The committee previously assessed aspartame, also known as E951, in 1981, setting an acceptable consumption limit at 40mg per kg of body weight per day — or 12 cans of Diet Coke a day for a 60kg person. That has reassured food safety agencies, including in the US, UK and EU. But doubts have accumulated since, partly because of observational studies that hint at slightly higher rates of cancer in consumers. A 2022 analysis of nearly 103,000 people reported that those who consumed higher levels of artificial sweeteners, including aspartame, were 1.15 times more likely overall to develop cancer than those who consumed none.
Observational studies, though, can point only to association, not cause and effect; other factors could be at play.
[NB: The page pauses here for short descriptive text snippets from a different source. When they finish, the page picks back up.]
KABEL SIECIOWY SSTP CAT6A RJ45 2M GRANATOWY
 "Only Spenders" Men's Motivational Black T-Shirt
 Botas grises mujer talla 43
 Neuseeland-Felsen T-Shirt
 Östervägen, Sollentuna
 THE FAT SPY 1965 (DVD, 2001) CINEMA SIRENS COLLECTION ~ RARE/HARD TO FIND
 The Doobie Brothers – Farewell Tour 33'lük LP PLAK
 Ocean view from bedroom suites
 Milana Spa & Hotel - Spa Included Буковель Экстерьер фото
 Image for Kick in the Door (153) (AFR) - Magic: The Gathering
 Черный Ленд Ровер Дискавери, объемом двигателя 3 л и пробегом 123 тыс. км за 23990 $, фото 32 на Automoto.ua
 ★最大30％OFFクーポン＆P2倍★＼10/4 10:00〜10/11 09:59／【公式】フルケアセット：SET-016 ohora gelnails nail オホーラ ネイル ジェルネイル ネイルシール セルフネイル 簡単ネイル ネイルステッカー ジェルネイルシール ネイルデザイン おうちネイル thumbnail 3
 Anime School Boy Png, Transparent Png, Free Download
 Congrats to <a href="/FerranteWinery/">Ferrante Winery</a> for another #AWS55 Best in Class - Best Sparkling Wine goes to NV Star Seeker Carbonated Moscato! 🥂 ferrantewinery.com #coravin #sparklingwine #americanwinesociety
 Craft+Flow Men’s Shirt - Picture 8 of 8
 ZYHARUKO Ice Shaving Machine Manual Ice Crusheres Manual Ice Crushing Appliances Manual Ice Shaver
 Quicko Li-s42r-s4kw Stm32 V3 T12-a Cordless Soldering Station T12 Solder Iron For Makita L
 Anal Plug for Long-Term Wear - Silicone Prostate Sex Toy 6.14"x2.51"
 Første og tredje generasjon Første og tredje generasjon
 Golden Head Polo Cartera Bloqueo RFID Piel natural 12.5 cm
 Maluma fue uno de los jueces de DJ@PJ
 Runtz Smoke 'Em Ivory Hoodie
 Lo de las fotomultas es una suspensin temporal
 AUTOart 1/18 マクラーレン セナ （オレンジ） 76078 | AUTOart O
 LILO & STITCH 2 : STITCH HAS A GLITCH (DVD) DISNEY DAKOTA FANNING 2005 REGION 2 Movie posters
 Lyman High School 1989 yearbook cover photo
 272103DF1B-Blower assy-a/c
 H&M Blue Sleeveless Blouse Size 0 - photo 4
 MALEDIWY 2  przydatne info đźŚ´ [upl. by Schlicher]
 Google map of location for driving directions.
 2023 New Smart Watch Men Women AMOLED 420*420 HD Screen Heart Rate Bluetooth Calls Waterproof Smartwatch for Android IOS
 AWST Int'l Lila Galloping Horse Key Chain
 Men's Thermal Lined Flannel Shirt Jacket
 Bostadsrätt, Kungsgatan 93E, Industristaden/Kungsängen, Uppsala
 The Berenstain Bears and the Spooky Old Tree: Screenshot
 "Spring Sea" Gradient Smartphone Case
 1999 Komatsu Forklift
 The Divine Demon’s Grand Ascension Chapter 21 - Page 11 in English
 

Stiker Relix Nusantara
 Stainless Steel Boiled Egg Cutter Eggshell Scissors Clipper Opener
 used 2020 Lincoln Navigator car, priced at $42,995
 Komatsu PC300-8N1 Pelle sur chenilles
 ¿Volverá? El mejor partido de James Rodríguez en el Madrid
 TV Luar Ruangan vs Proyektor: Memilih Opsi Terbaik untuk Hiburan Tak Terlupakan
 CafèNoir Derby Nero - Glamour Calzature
Plus, “reverse causality” cannot be ruled out: people who are obese, and therefore already face a higher cancer risk, might be more likely to choose artificial sweeteners. The sheer variety of non-sugar sweeteners — including sucralose, saccharin and the plant-derived stevia — and their varying permutations in studies, also makes the science hard to read.
Animal studies can partly fill the evidence gap: Italy’s non-profit Ramazzini Institute reported more than a decade ago that aspartame-fed rats developed dose-related tumours. But rats are not humans. Both the charity Cancer Research UK and the UK’s Food Standards Agency maintain that aspartame is safe.
Nonetheless, IARC undertook its latest re-evaluation as a high priority because of “emerging cancer evidence in humans and in laboratory animals”. The International Sweeteners Association complained that “IARC is not a food safety body . . . aspartame is one of the most thoroughly researched ingredients in history”.
Those complaints artfully dodge an inconvenient truth, which is that evidence can change and that non-sugar sweeteners, including aspartame, are not the healthy option that many consumers believe. In May, the WHO recommended that non-diabetics steer clear of NSS because evidence suggests they do not reduce body fat and may be linked to an increased risk of type 2 diabetes, cardiovascular disease and death. The best approach, it says, is to eat a less sweet diet overall.
More widely, the additives are commonly found in ultra-processed foods, which have been linked to obesity and ill-health by, among others, campaigning doctor and author Chris van Tulleken. There is little to be lost, and potentially much to be gained, by going sour on sweeteners.